Das macht einen starken Charakter
Die Ausrichtung und Bedeutung des Hauptcharakters hängt natürlich stark vom Genre und dem gewählten Spielkonzept ab. Rollenspiele beispielsweise schenken Hobby-Abenteurern gerne viele Freiheiten und lassen sie nicht nur Aussehen, Stimme und Geschlecht, sondern auch Gesinnung ihres Avatars bestimmen. Titel wie „Doom“ oder Half-Life“ setzen dagegen auf einen stummen Hauptcharakter. Ihre Charakterisierung erfolgt zum einen über die über sie getroffenen Aussagen anderer Figuren im Spiel, vor allem aber durch ihre Taten.

Einzigartig und nicht austauschbar

In Spielen wie etwa „The Last of Us“, „Horizon“, „God of War“ oder auch der „Final Fantasy“-Reihe stehen jedoch die Geschichten und ihre Haupt- und Nebencharaktere stark im Fokus. Ihre (Helden-)Reise und Entwicklung sind der rote Faden, der Gamer durch das Erlebte führt. Roger Sieber, Chefredakteur des Gaming-Portals games.ch, erklärt im Gespräch mit IGM seine Sicht der Dinge: „Für einen Plattformer ist der Hintergrund des Protagonisten zumeist eher zweitrangig. Für andere Games umso zentraler. Nintendos Mario oder auch Aloy aus Horizon sind in meinen Augen beide tolle Charaktere, könnten aber kaum unterschiedlicher sein.“ Sieber betont vor allem, dass ein starker Hauptcharakter einzigartig und „nicht austauschbar“ sein darf. „Aloy ist ein tolles Beispiel für den Aufbau einer Protagonistin. Dem Spieler wird hautnah vorgeführt, wie sie als Außenseiterin mit Mobbing zu kämpfen hatte. Im Verlauf der Story wird sie zu einer starken Frau, einer Heldin mit vielen Facetten“, bringt er diesen Anspruch anhand der Hauptdarstellerin aus Guerilla Games‘ „Horizon“-Abenteuern auf den Punkt.
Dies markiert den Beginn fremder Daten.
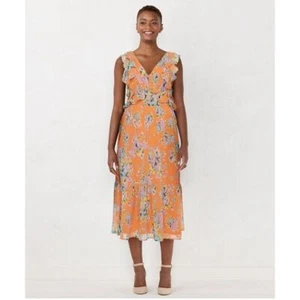 Nuevo con etiquetas Vestido Midi LC Lauren Conrad Estampado Volantes Melocotón Floral Talla XXL - Imagen 1 de 2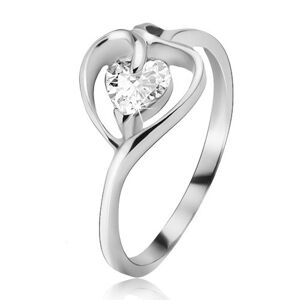 Strieborný prsteň 925, kontúra srdca s čírym zirkónom - Veľkosť: 64 mm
Ein starker Charakter im Jahr 2023 erfordert eine gewisse Tiefe. Die Figur benötigt also eine Vergangenheit, die erklärt, wieso sie zu der Persönlichkeit wurde, die man schließlich im Spiel antrifft. Zugleich sollten hier natürlich auch einige Punkte offengelassen werden, um die Neugier des Nutzenden zu wecken. Ein starker Charakter sollte dahingehend auch sympathisch oder zumindest interessant genug sein, dass man die nächsten Stunden mit ihm oder ihr verbringen möchte. Das Miteinbeziehen von Marotten und Eigenheiten ist dabei ebenso wichtig wie das von Beziehungen, Freundschaften und Feindschaften. Für einen tiefen Charakter benötigt es zudem eine starke Motivation, die begründet, wieso der Charakter überhaupt in dieser Welt ist und die vor ihm liegende Reise erlebt.

 

Die ersten 90 Sekunden zählen zum Fällen eines ersten Eindrucks

Vom Kriegsgott zum besorgten Papa
Wie man beispielsweise einen alten, eindimensionalen Charakter in die Moderne transportiert, zeigte das 2018 veröffentlichte Reboot „God of War“ von SCE Santa Monica Studio. Zum Start der Reihe im Jahr 2005 war Hauptcharakter Kratos von Zorn und Rachegelüsten getrieben. Seine Wut auf die Götter ging mit dem Tod seiner Familie einher. Dies genügte als Motivation, weil die frühen „God of War“-Teile vor allem von ihrem Gameplay und der Präsentation lebten. Mit dem Reboot allerdings veränderte sich der einstige Kriegsgott. Kratos lebte zurückgezogen mit seinem Sohn Atreus. Der Tod seiner Frau quälte ihn, jedoch blieben die Hintergründe ihrer Beziehung lange im Unklaren. Das schwierige Verhältnis zu Atreus und die Darstellung der Annäherungsversuche zwischen Vater und Sohn verliehen „God of War“, vor allem aber dem Spielcharakter ein neues Leben. So sehr „God of War“ auch weiterhin auf knallharte und brutale Action setzte, so sehr erwuchs Kratos zu einem ganz neuen, deutlich nahbareren Hauptcharakter. Viele Spieler konnten sich so besser mit ihm identifizieren und investierten mehr Emotionen in diesen veränderten Kratos.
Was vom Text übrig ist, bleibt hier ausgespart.